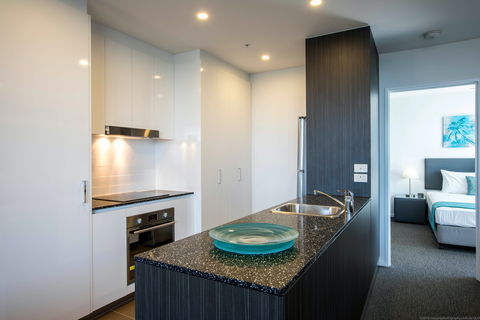 Synergy  Broadbeach - Hervey Bay Accommodation 2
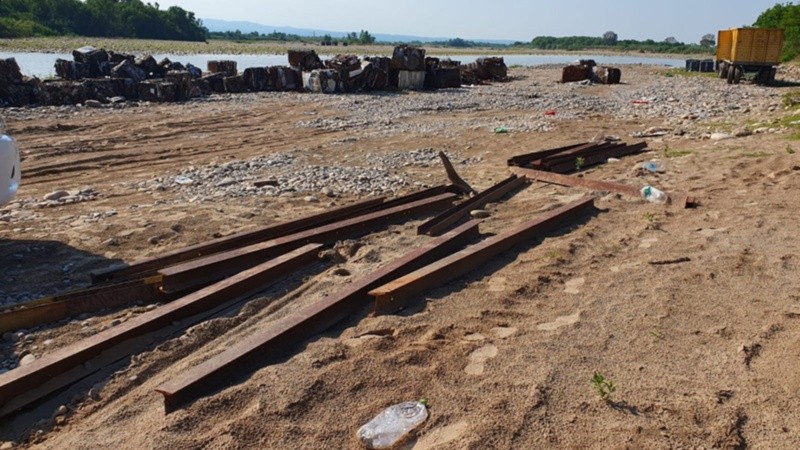 Algunos de los rieles cortados y listos para ser contrabandeados a Bolivia.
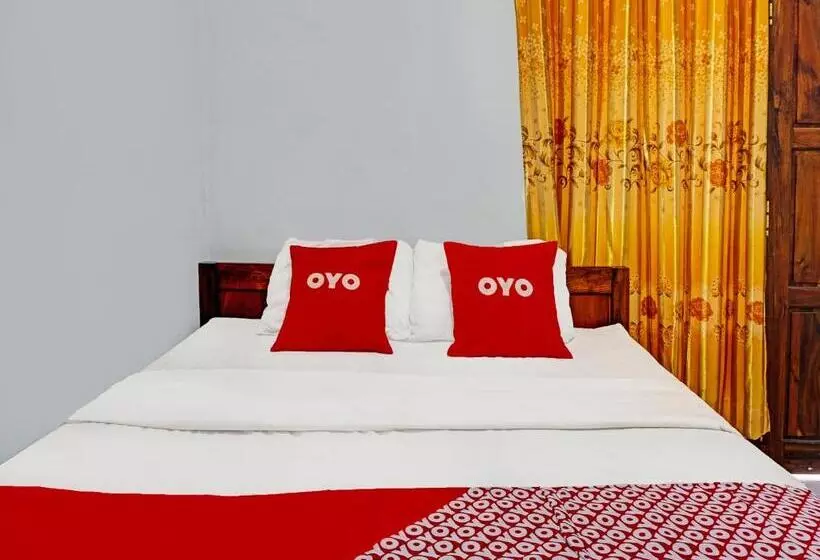 Hotelli Oyo 92021 Dua Putra Homestay Klayar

What to do: Using the material above, return every line exactly as it appears, minus the pictures.

Your solution:
 Synergy  Broadbeach - Hervey Bay Accommodation 2
 Algunos de los rieles cortados y listos para ser contrabandeados a Bolivia.
 Hotelli Oyo 92021 Dua Putra Homestay Klayar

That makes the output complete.